Internal Corrosion & Protection of it in Oil and Gas Pipelines

The pipeline costs are a considerable part of the investment in subsea projects, and for long-distance, large-diameter pipelines, they can become prohibitively high if the corrosivity of the fluid necessitates the use of corrosion-resistant alloys instead of carbon steel. Better understanding and control of the corrosion of carbon steel can increase its application range and therefore have a large economic impact.

The presence of carbon dioxide (CO2), hydrogen sulphide (H2S) and free water can cause severe corrosion problems in oil and gas pipelines. Internal corrosion in wells and pipelines is influenced by temperature, CO2 and H2S content, water chemistry, flow velocity, oil or water wetting and composition and surface condition of the steel. A small change in one of these parameters can change the corrosion rate considerably, due to changes in the properties of the thin layer of corrosion products that accumulates on the steel surface.

When corrosion products are not deposited on the steel surface, very high corrosion rates of several millimetres per year can occur. The corrosion rate can be reduced substantially under conditions where iron carbonate (FeCO3) can precipitate on the steel surface and form a dense and protective corrosion product film. This occurs more easily at high temperature or high pH in the water phase. When H2S is present in addition to CO2, iron sulphide (FeS) films are formed rather than FeCO3, and protective films can be formed at lower temperature, since FeS precipitates much easier than FeCO3.

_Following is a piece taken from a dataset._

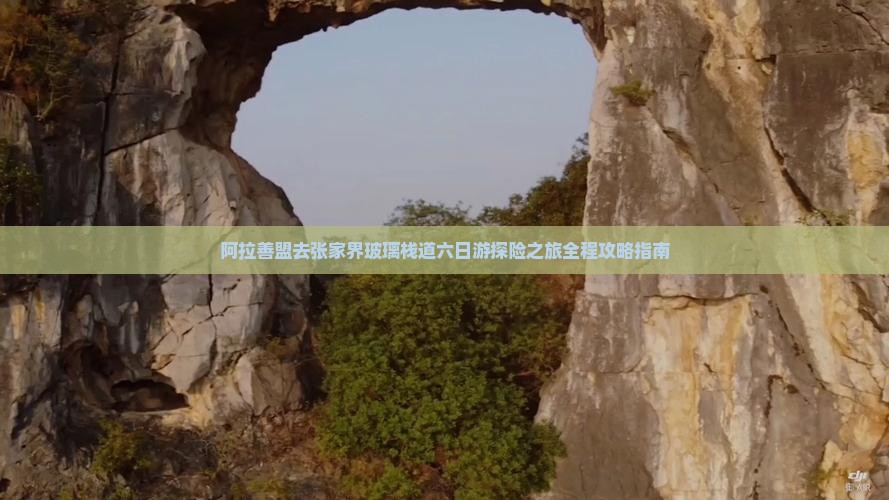 阿拉善盟去张家界玻璃栈道六日游探险之旅全程攻略指南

Localised corrosion with very high corrosion rates can occur when the corrosion product film does not give sufficient protection and this is the most feared type of corrosion attack in oil and gas pipelines. In order to control the corrosion in pipelines, it is important to understand the underlying corrosion mechanisms and be able to predict whether localised corrosion will be initiated and how it can be prevented.

Prediction of Internal Corrosion in Pipelines
For oil and gas pipelines several prediction models have been developed for CO2 corrosion. The models are correlated with different laboratory data and, in some cases, also with field data from oil companies. The models have very different approaches to accounting for oil wetting and the effect of protective corrosion films, which can give large differences in behaviour between the models. It is important to understand how the corrosion prediction models handle, particularly, the effects of oil wetting and protective corrosion films when the models are used for corrosion evaluation of wells and pipelines.